Jurris.COM

Article 8. Official Records And Other Official Writings of California Evidence Code >> Division 10. >> Chapter 2. >> Article 8.

Evidence of a writing made as a record of an act, condition, or event is not made inadmissible by the hearsay rule when offered in any civil or criminal proceeding to prove the act, condition, or event if all of the following applies:
  (a) The writing was made by and within the scope of duty of a public employee.
  (b) The writing was made at or near the time of the act, condition, or event.
  (c) The sources of information and method and time of preparation were such as to indicate its trustworthiness.

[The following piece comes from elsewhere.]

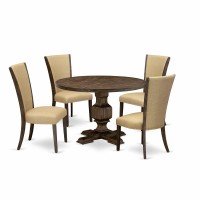 East West Furniture 5-Piece Modern Dining Set - Dining Table And 4 Brown Color Parson Padded Chairs With High Back - Distressed Jacobean Finish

Evidence of a writing made as a record of a birth, fetal death, death, or marriage is not made inadmissible by the hearsay rule if the maker was required by law to file the writing in a designated public office and the writing was made and filed as required by law.
A written finding of presumed death made by an employee of the United States authorized to make such finding pursuant to the Federal Missing Persons Act (56 Stats. 143, 1092, and P.L. 408, Ch. 371, 2d Sess. 78th Cong.; 50 U.S.C. App. 1001-1016), as enacted or as heretofore or hereafter amended, shall be received in any court, office, or other place in this state as evidence of the death of the person therein found to be dead and of the date, circumstances, and place of his disappearance.
An official written report or record that a person is missing, missing in action, interned in a foreign country, captured by a hostile force, beleaguered by a hostile force, beseiged by a hostile force, or detained in a foreign country against his will, or is dead or is alive, made by an employee of the United States authorized by any law of the United States to make such report or record shall be received in any court, office, or other place in this state as evidence that such person is missing, missing in action, interned in a foreign country, captured by a hostile force, beleaguered by a hostile force, besieged by a hostile force, or detained in a foreign country against his will, or is dead or is alive.
Evidence of a writing made by the public employee who is the official custodian of the records in a public office, reciting diligent search and failure to find a record, is not made inadmissible by the hearsay rule when offered to prove the absence of a record in that office.